- Opening Delimiter -

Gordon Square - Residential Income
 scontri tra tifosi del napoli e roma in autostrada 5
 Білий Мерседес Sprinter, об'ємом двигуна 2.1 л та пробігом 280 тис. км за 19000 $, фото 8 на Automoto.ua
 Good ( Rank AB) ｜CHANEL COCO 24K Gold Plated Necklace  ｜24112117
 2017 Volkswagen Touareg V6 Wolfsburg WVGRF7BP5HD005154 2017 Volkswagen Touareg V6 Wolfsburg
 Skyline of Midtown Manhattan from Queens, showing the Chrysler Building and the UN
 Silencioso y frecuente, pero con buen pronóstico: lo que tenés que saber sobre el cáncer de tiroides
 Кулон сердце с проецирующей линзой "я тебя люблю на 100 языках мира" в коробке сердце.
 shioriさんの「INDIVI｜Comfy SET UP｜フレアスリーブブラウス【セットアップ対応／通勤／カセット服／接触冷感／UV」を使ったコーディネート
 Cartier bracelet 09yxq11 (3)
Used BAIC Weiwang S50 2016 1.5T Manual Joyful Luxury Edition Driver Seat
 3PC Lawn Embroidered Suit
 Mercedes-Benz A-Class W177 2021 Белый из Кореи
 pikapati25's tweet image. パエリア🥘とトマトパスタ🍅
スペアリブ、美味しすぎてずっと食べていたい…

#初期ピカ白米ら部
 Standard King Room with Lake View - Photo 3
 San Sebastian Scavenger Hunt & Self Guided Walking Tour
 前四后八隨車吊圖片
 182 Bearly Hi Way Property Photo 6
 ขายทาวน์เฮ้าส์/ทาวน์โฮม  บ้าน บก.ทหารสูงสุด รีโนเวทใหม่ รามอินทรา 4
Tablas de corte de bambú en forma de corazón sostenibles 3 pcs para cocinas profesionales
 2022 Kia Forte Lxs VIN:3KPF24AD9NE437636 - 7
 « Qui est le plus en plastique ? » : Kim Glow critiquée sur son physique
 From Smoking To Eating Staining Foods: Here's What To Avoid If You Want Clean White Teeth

- Closing Delimiter -

Lines that contain "Photo" should be pulled from the entries above and reported.

 Standard King Room with Lake View - Photo 3
 182 Bearly Hi Way Property Photo 6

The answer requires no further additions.